- [Information supplied]:
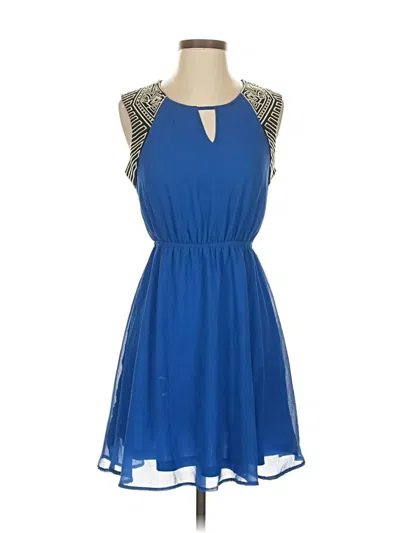 Pre-owned Jealous Tomato Cocktail Dress In Blue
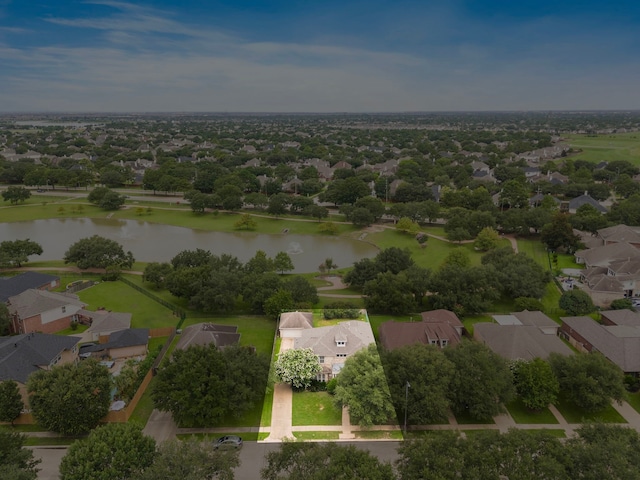 16426 Torry View Ter, Houston, TX 77095 - aerial perspective of suburban area featuring a nearby body of water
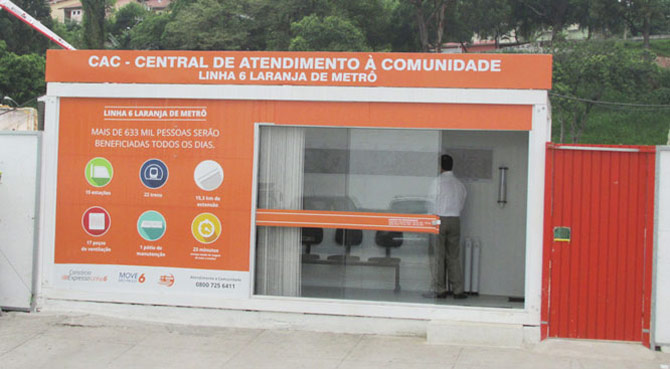 Vista da Central de Atendimento ao Consumidor.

- [Task item]: Restate the entire listing word for word, excluding pictures.

- [Task output]:
 Pre-owned Jealous Tomato Cocktail Dress In Blue
 16426 Torry View Ter, Houston, TX 77095 - aerial perspective of suburban area featuring a nearby body of water
 Vista da Central de Atendimento ao Consumidor.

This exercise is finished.